B. Richard Cockerill.
Tigers’ current Director of Rugby first made his mark for the club as a snarly all action menace of a hooker, making up the B of the famed ABC club. He won five league titles and two Heineken Cups as a player and has added three more as Director of Rugby with the club.
C. Dan Cole
A difficult selection at tighthead prop with some stiff competition from the likes of Darren Garforth and Martin Castrogiovanni, but current Tigers and England prop Cole gets the nod for his consistently solid scrummaging.

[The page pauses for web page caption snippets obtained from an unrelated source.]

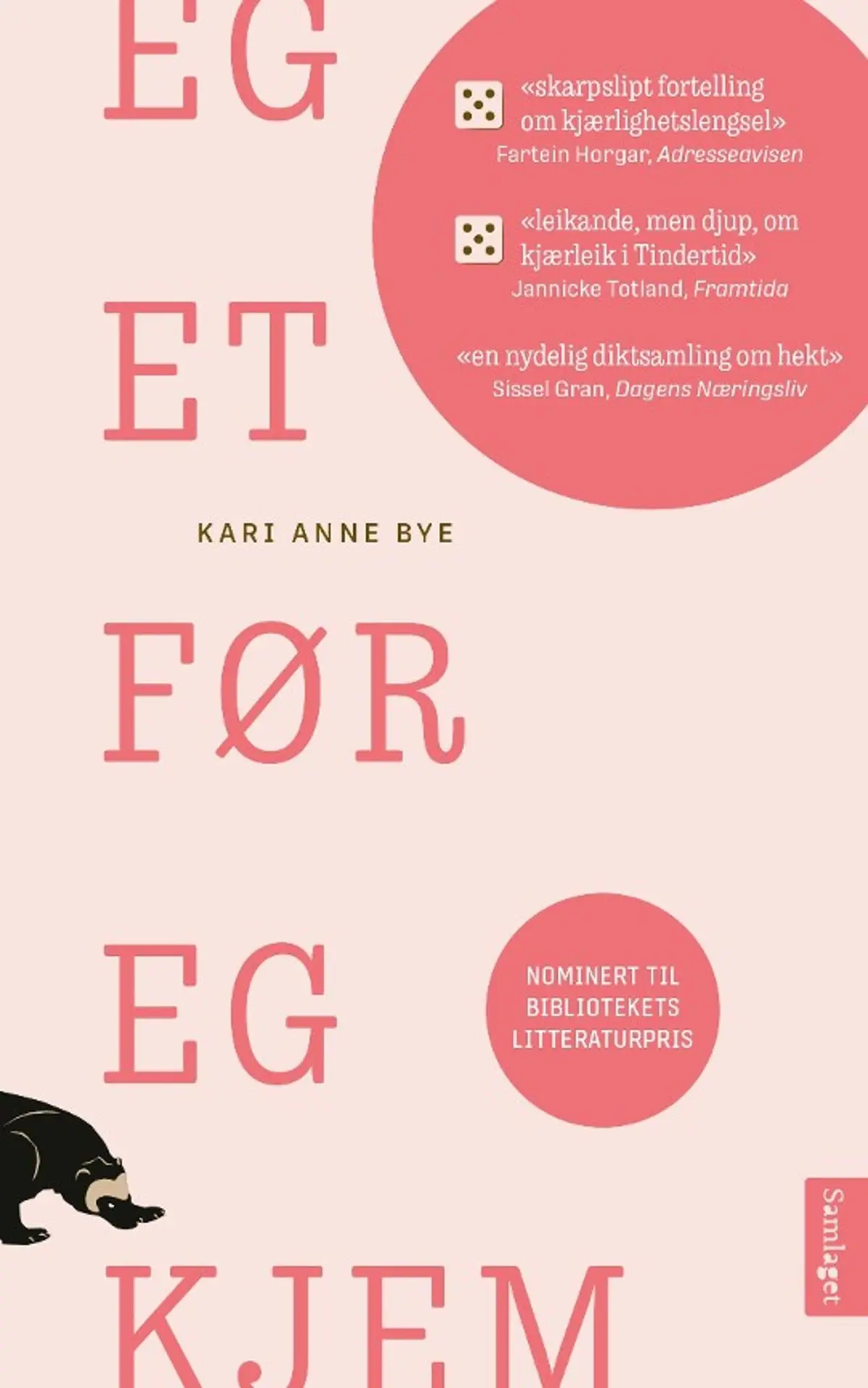 Eg et før eg kjem: dikt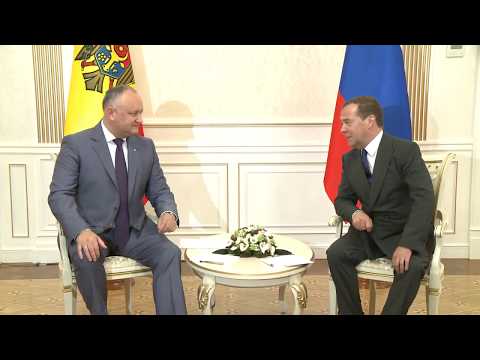 Игорь Додон провел встречу с Дмитрием Медведевым и Дмитрием Козаком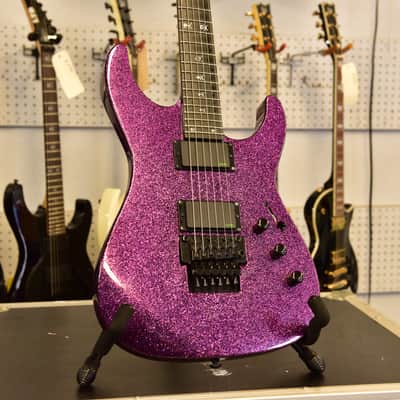 ESP LTD Kirk Hammett Signature Electric Guitar w/case KH-602 in Purple Sparkle image 2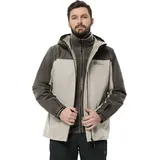 Jack Wolfskin Taubenberg 3in1 Jacket Herren seal XL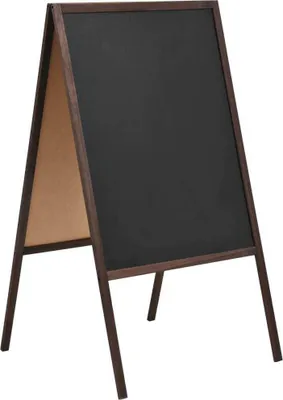 Obrázek produktu pro Oboustranná tabule z cedrového dřeva volně stojící 60 x 80 cm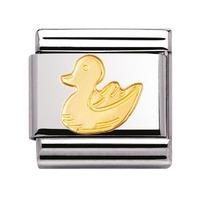 Nomination - 18ct Gold \'Duck\' Charm 030113/01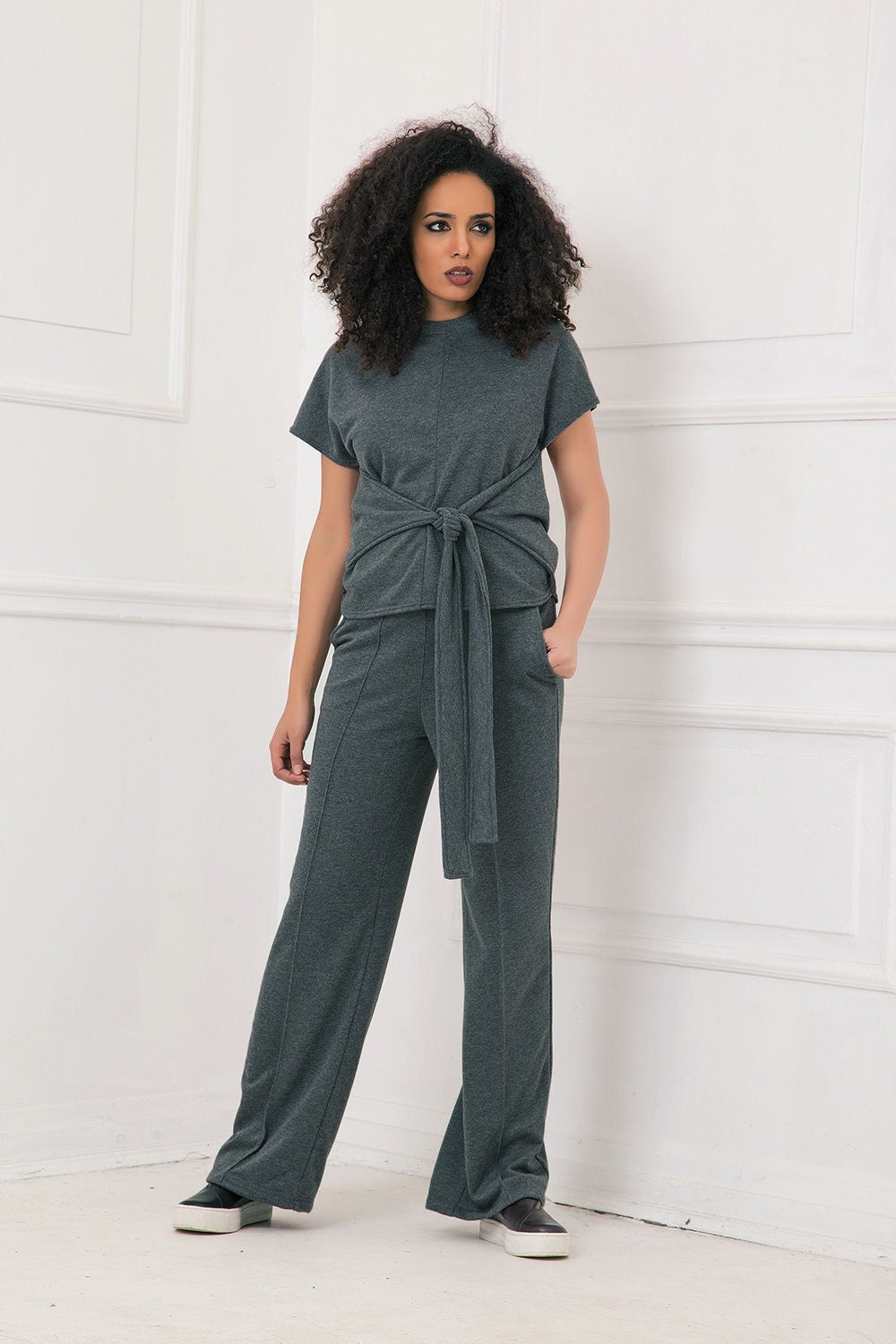 Relaxed cotton sweatpants - IKU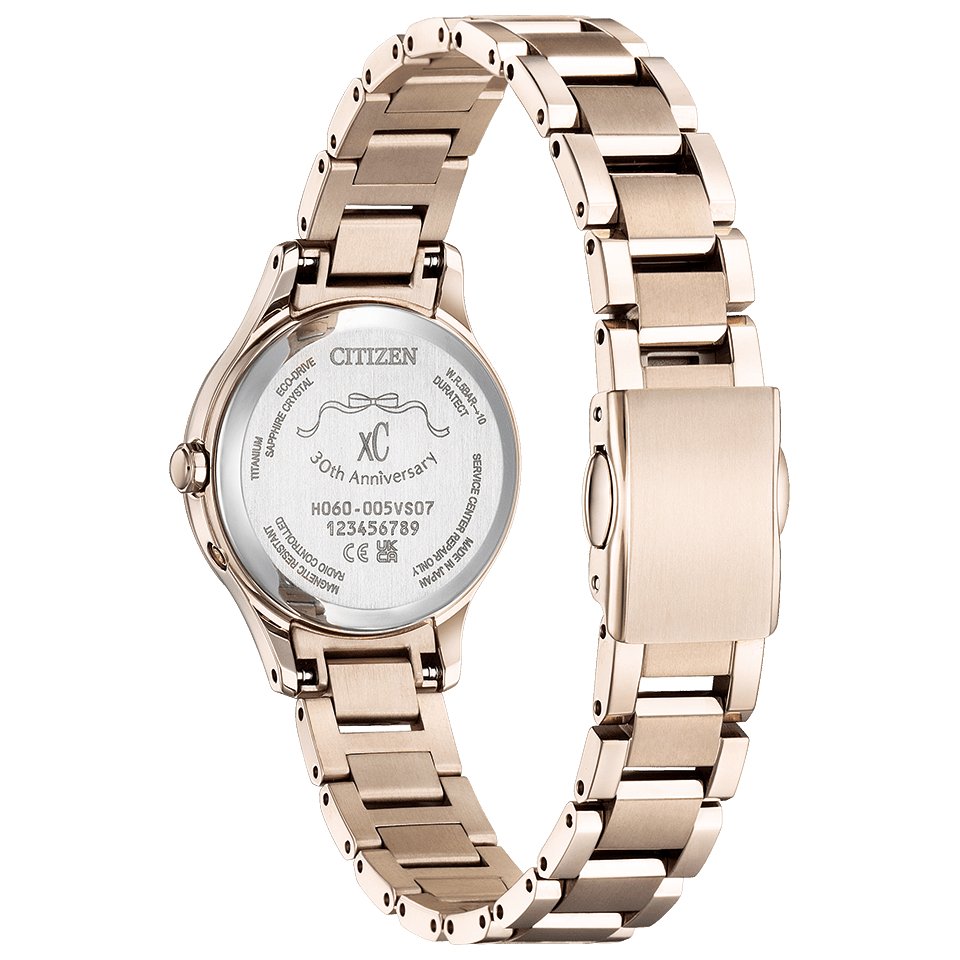 ES9498-77N:ｸﾛｽｼｰ【ﾉﾍﾞﾙﾃｨ付･国内正規品･ｷﾞﾌﾄ包装･ﾍﾞﾙﾄ調整無料】ｿｰﾗｰ電波 ﾚﾃﾞｨｽ腕時計 ｼﾝﾌﾟﾙｱｼﾞｬｽﾄ 限定の画像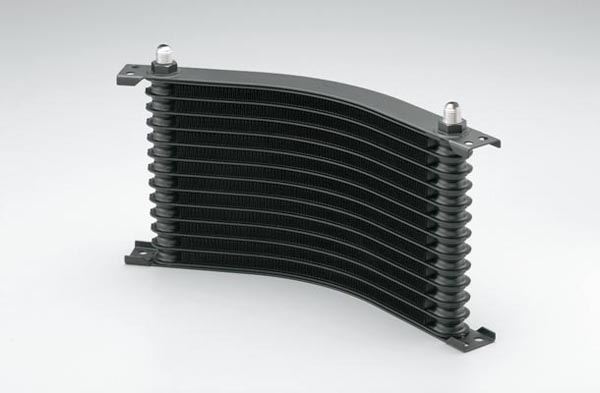 プロト 007-1050B ラウンドオイルクーラーコア ブラック H175.9×W332.6×T32mm 13段 #6 冷却 パーツ PLOT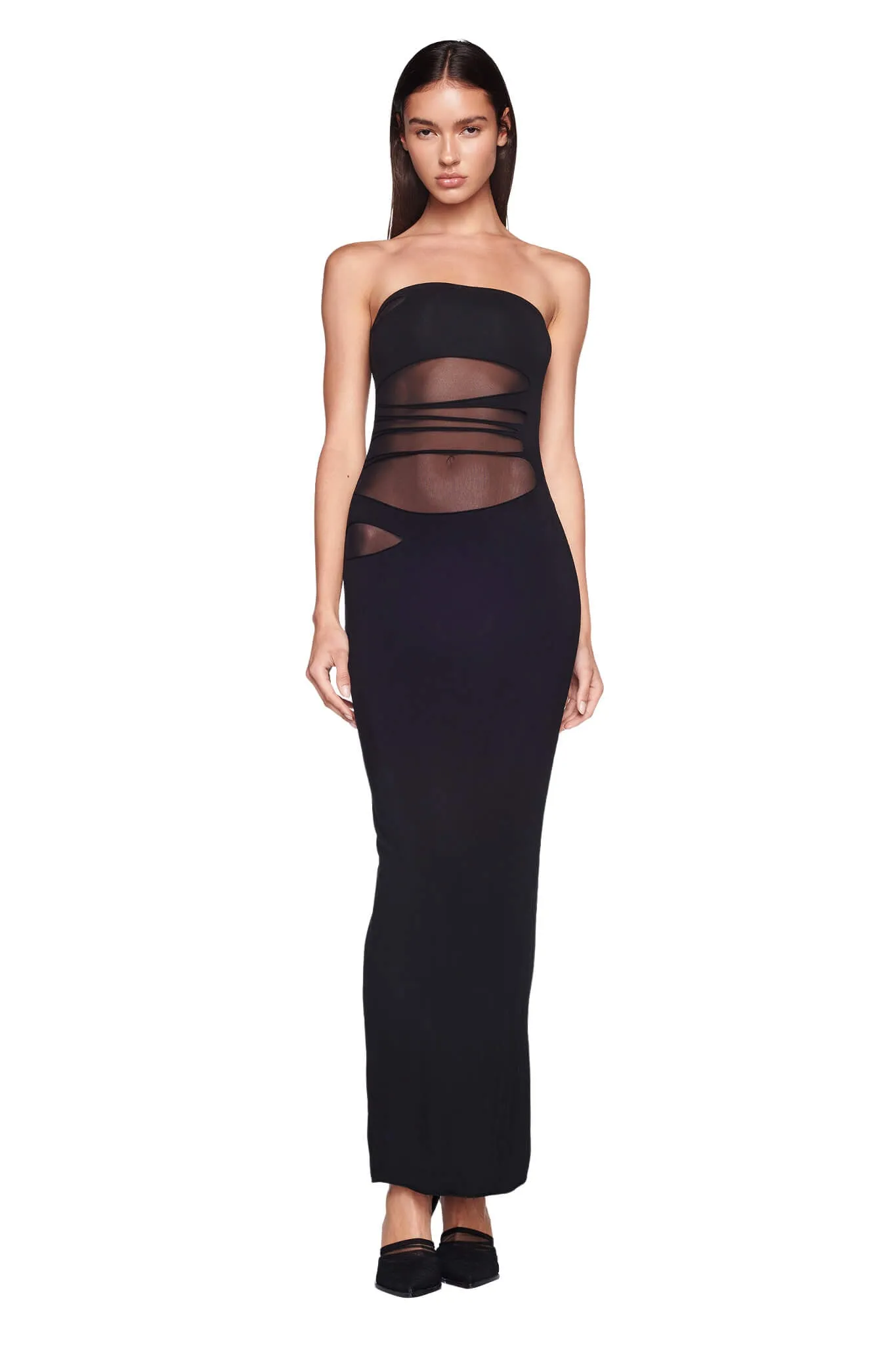 OLESA MAXI DRESS - BLACK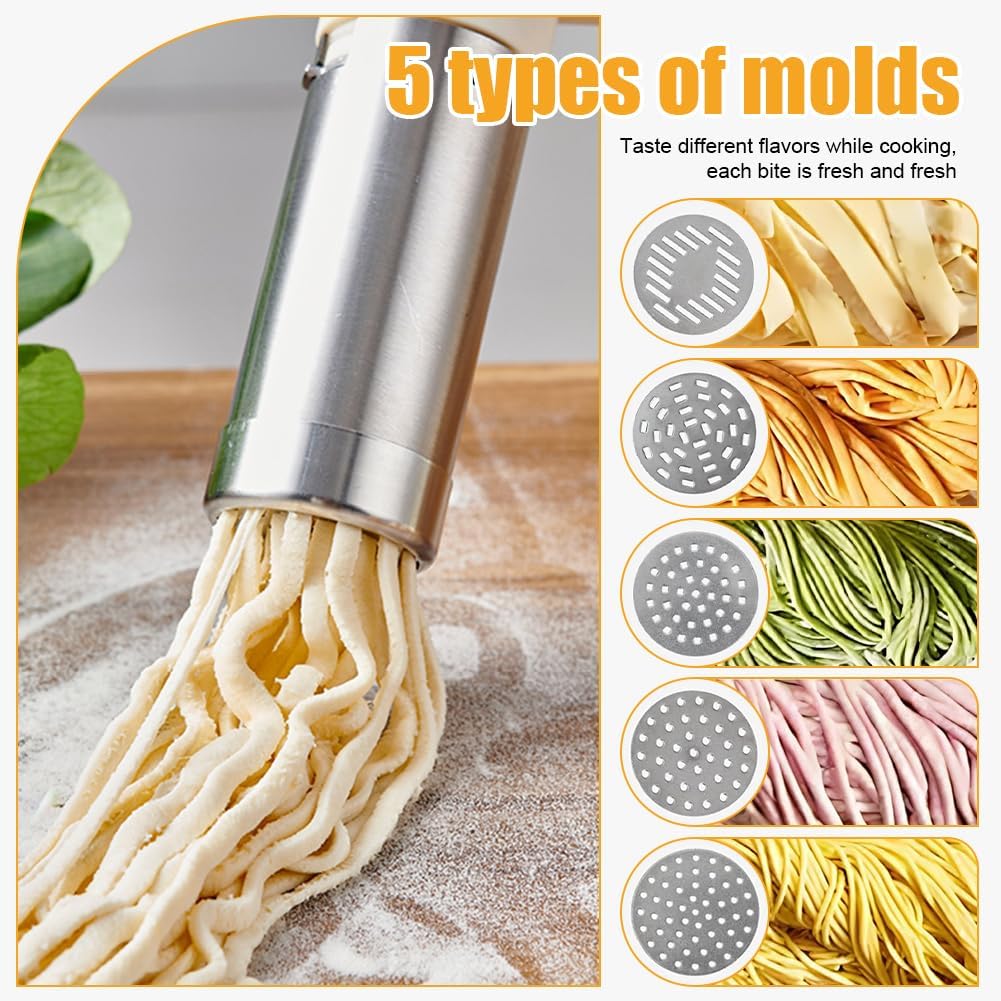 CEWROM Nudelmaschine Elektrische Handheld, Automatische Handheld Noodle Maker, Nudelmaschine Tragbar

D. Martin Johnson (captain)
One of the greatest ever. He captained Tigers to all there was to win in the Northern Hemisphere, became the only man to captain the British and Irish Lions twice (including a series win over South Africa in 1997) and of course lifted the Webb Ellis Trophy as England captain in the 2003 Rugby World Cup Final in Sydney. If anyone can recall a poor game that Johnno ever had, please let us know.
E. Ben Kay
A solid and dependable lock forward for the Tigers, England and the Lions. He played for the Tigers for over a decade and rarely put a foot wrong in that time, becoming one of the leading line out masters in the game.
F. Lewis Moody
You got the feeling that Moody would have been prepared to run through brick walls for the club. He would frequently be the first under restarts, would frequently be found securing the ball where the boots were flying and would usually be the first to the tackle and the breakdown.
G. Dean Richards
A firm crowd favourite in his playing days, when the chant of “Deano, Deano…” used to ring round Welford Road. He won the inaugural league title with the club in 1988, and again as captain in 1995. He would later be promoted to Director of Rugby of the club and won a further four league title and led the club to its two Heineken Cup triumphs.
H. Neil Back
Another player who never seemed to have a bad game, which in a Tigers career that spanned fifteen years is some feat. He played right on the edges of the law in the breakdown to secure ball for Leicester and slow down that of the opposition. Mysteriously blamed by Munster fans for Peter Stringer inadvertently feeding the ball to the Leicester side of the scrum in the 2002 Heineken Cup final.